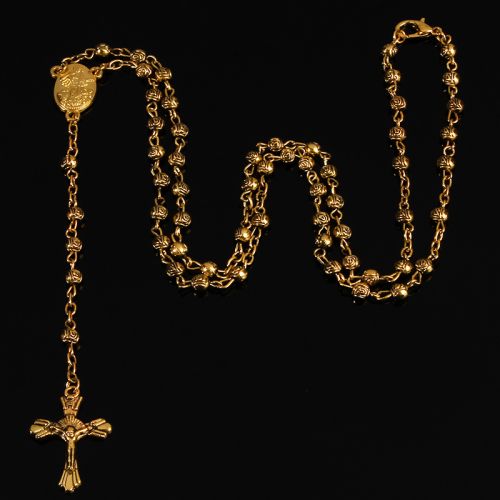 Jemný kovový ruženec v zlatej farbe, Ježíš Kristus a Panna Mária, ruža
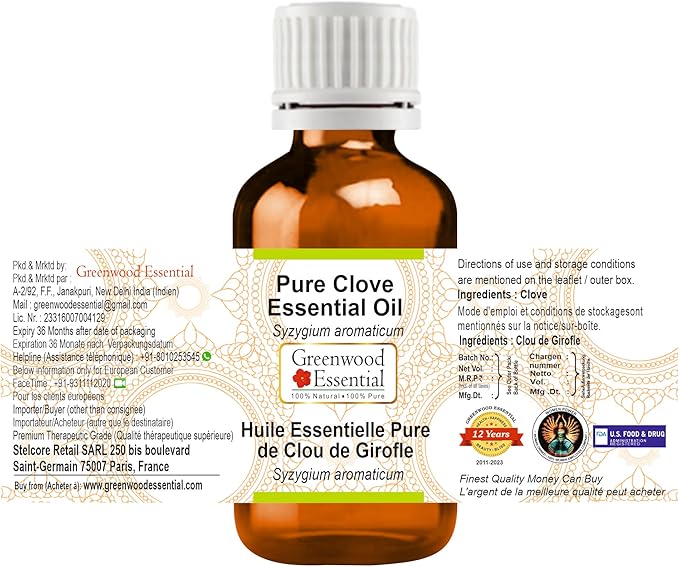 Greenwood Essential Pure Clove Essential Oil (Syzygium aromaticum Steam Distilled 100ml (3.38 oz)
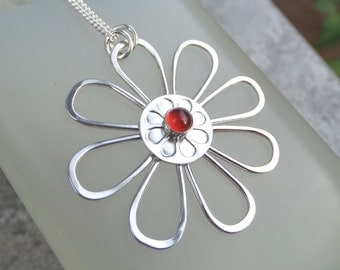Carnelian Daisy - Sterling Silver Wire Flower Pendant - Handmade Gemstone Metalwork Wirework Jewelry - Blossom Petals Floral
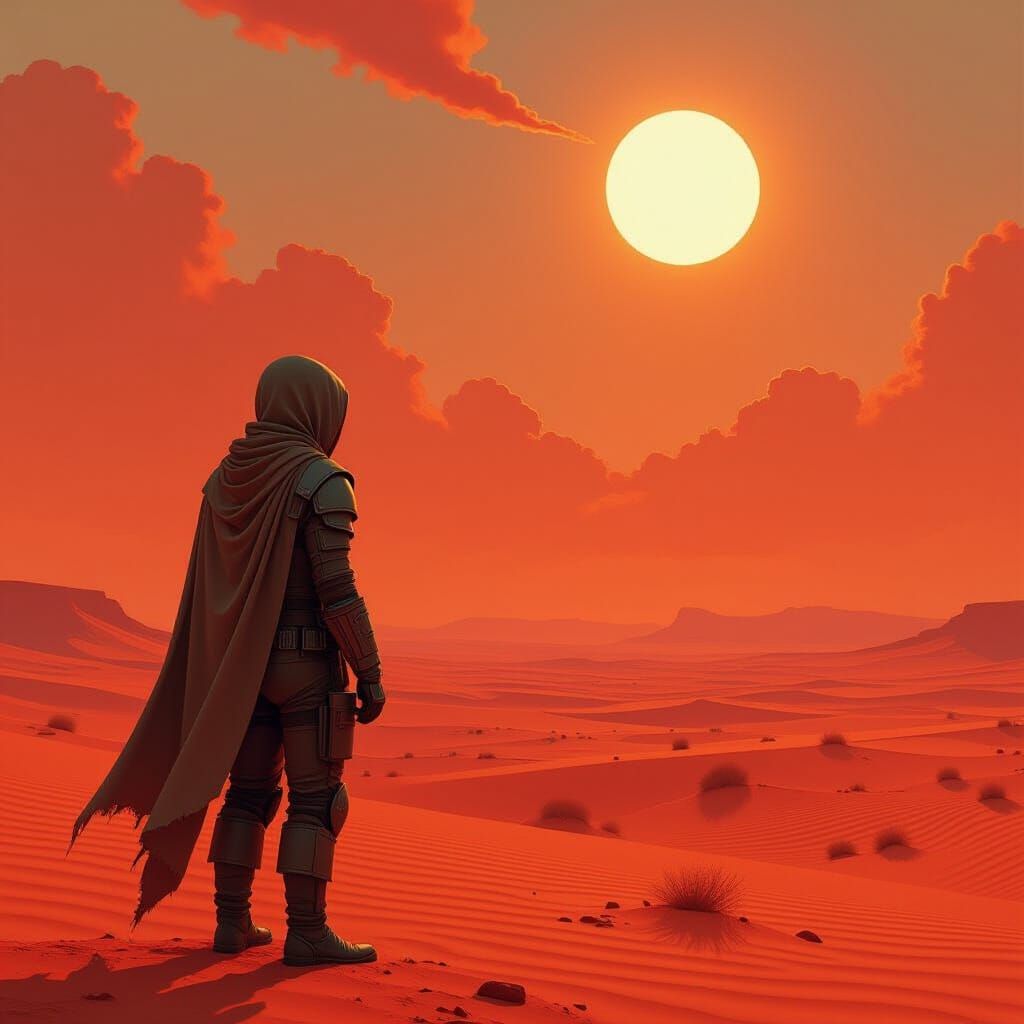 Dystopian Desert Wanderer Under Burning Sky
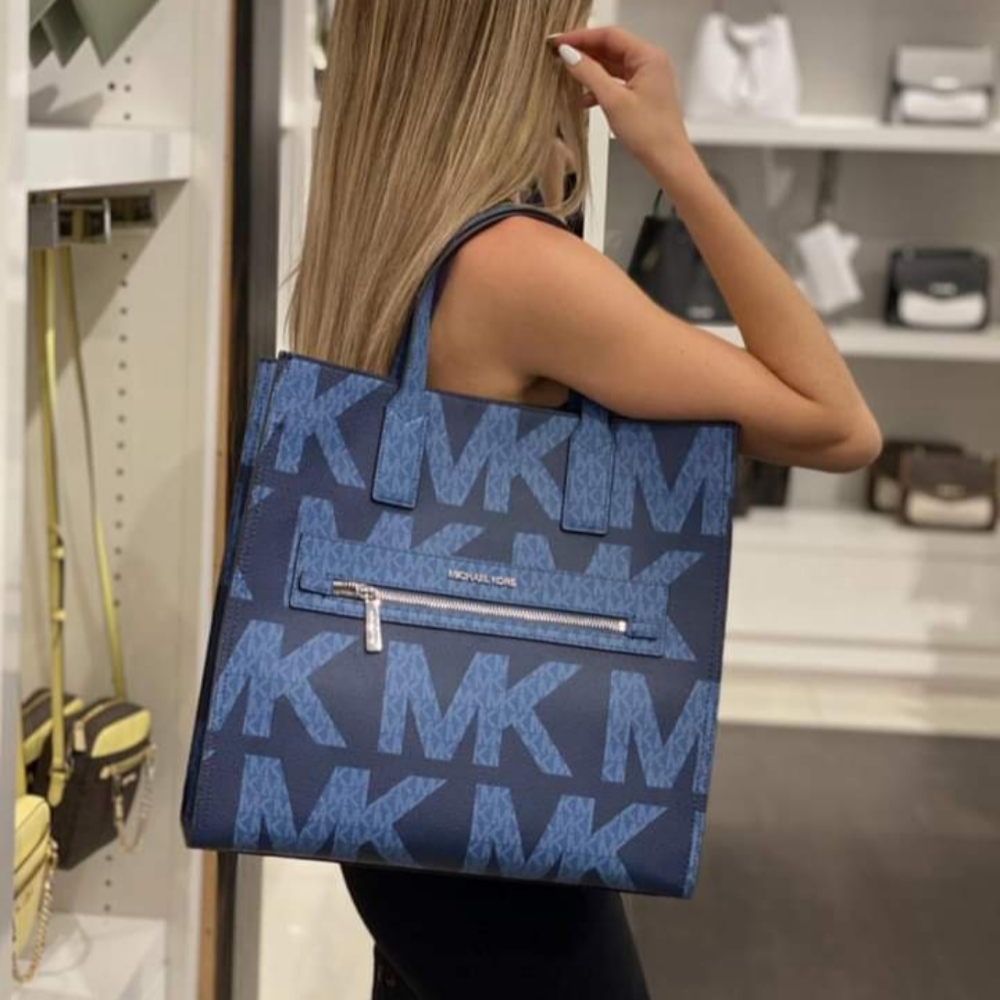 NWT! Michael Kors Kenly Large NS Tote Shoulder Handbag (Dark Chambray)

○ ○ ○ ○

Work order: Starting at the line that holds "Carnelian Daisy - Sterling", print each line through the last one of the entries above, exactly and with both ends included; no pictures.

Response to the task:
Carnelian Daisy - Sterling Silver Wire Flower Pendant - Handmade Gemstone Metalwork Wirework Jewelry - Blossom Petals Floral
 Dystopian Desert Wanderer Under Burning Sky
 NWT! Michael Kors Kenly Large NS Tote Shoulder Handbag (Dark Chambray)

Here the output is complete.